*Task item:* Before copying, set the images aside; then transcribe every entry below exactly.

*Study material:*
━━━━━━

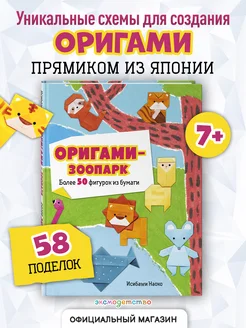 Отзыв на 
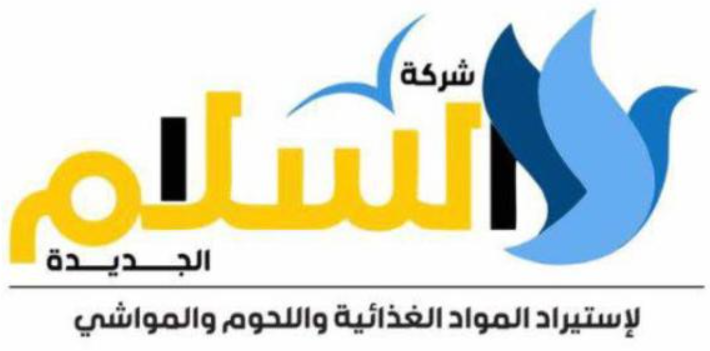 مجموعة السلام لاستيراد المواد الغذائية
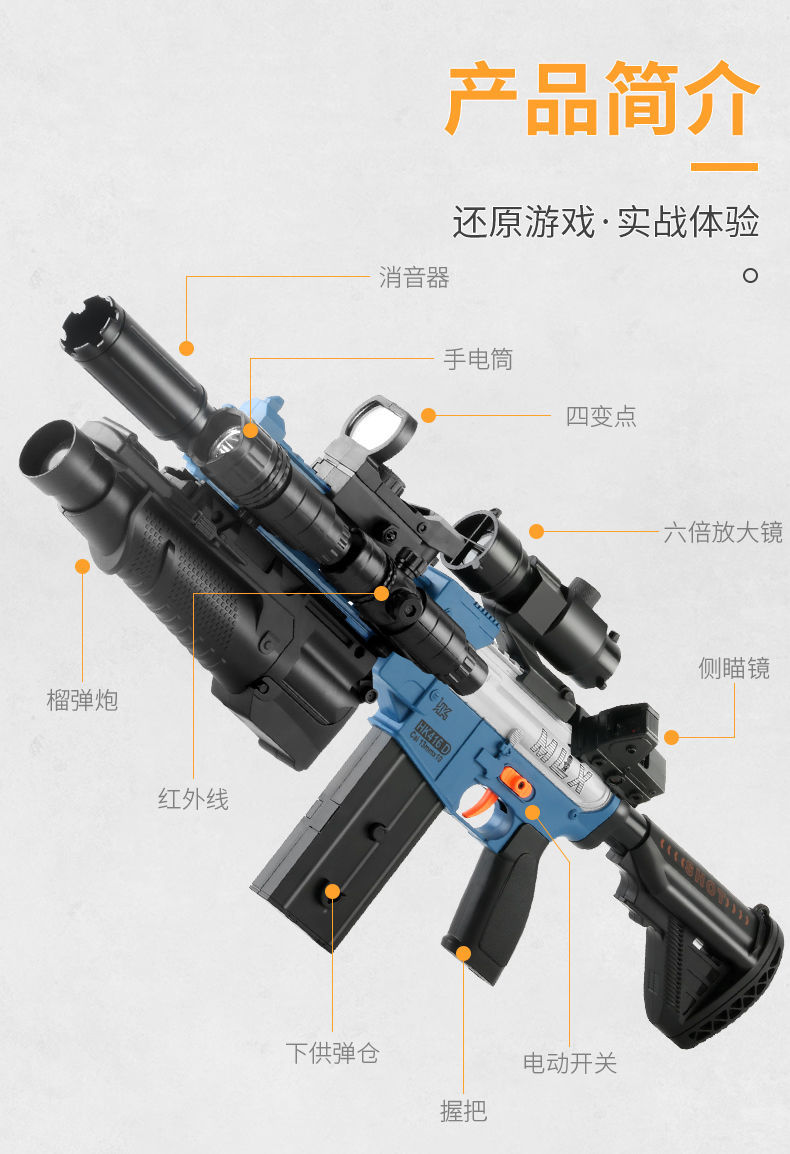 m416儿童玩具枪电动连发软弹枪男孩8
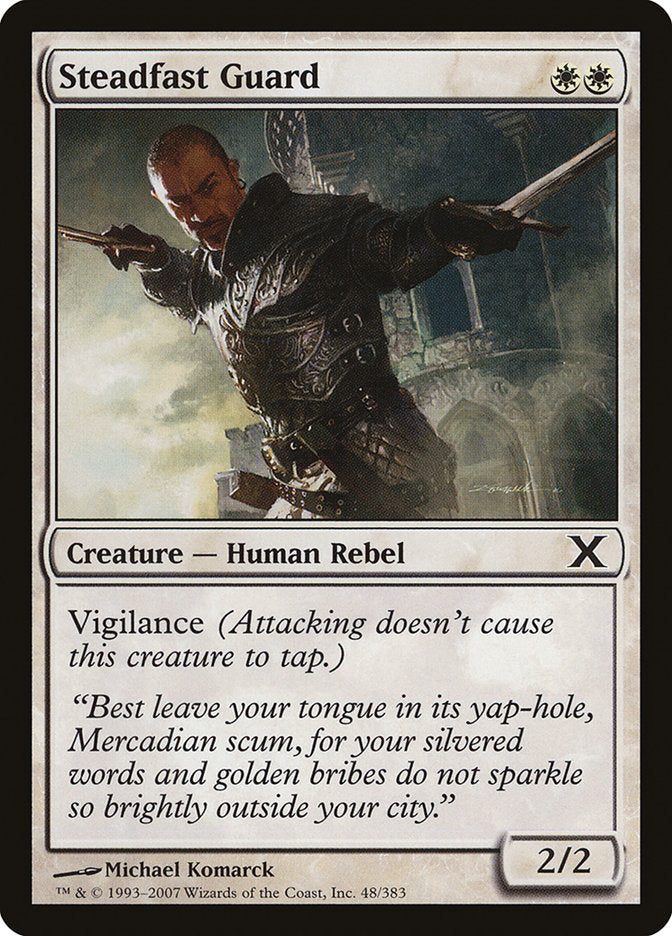 Steadfast Guard [Tenth Edition] - Devastation Store | Devastation Store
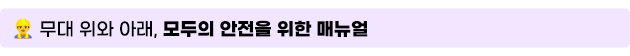 3. 무대 위와 아래, 모두의 안전을 위한 매뉴얼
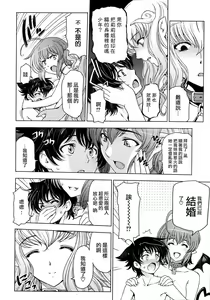 Page 107 of witch and witch's pupil - preview thumbnail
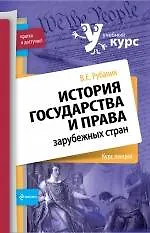 История государства и права зарубежных стран : курс лекций - фото 1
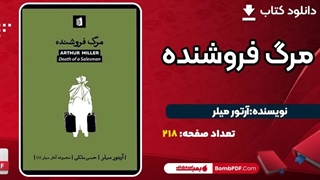 کتاب مرگ فروشنده آرتور میلر pdf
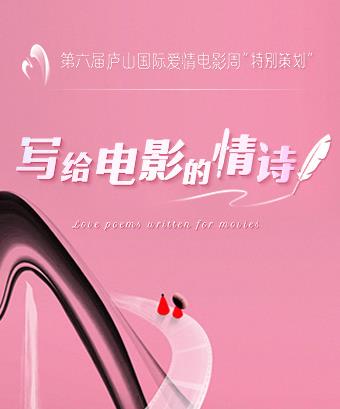 电影:写给电影的情诗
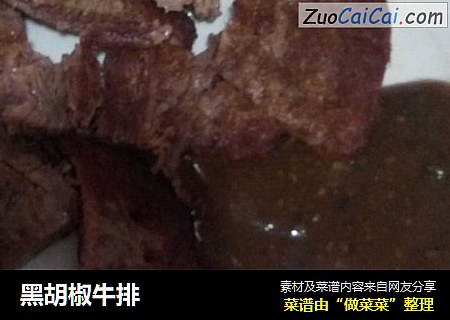 黑胡椒牛排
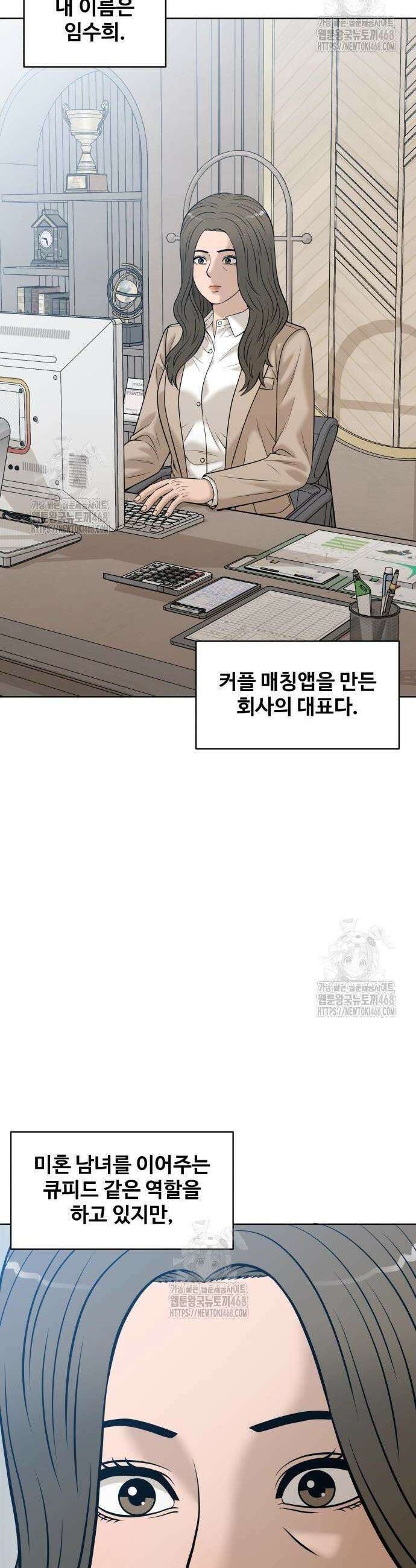 마흔 즈음에 41화 12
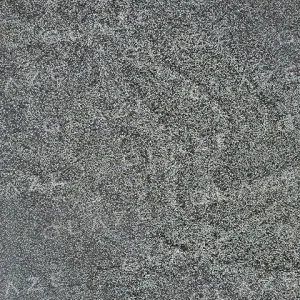 Basalt Black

━━━━━━

*Written response:*
 Отзыв на 
 مجموعة السلام لاستيراد المواد الغذائية
 m416儿童玩具枪电动连发软弹枪男孩8
 Steadfast Guard [Tenth Edition] - Devastation Store | Devastation Store
 3. 무대 위와 아래, 모두의 안전을 위한 매뉴얼
 Page 107 of witch and witch's pupil - preview thumbnail
 История государства и права зарубежных стран : курс лекций - фото 1
 کتاب مرگ فروشنده آرتور میلر pdf
 电影:写给电影的情诗
 黑胡椒牛排
 마흔 즈음에 41화 12
 Basalt Black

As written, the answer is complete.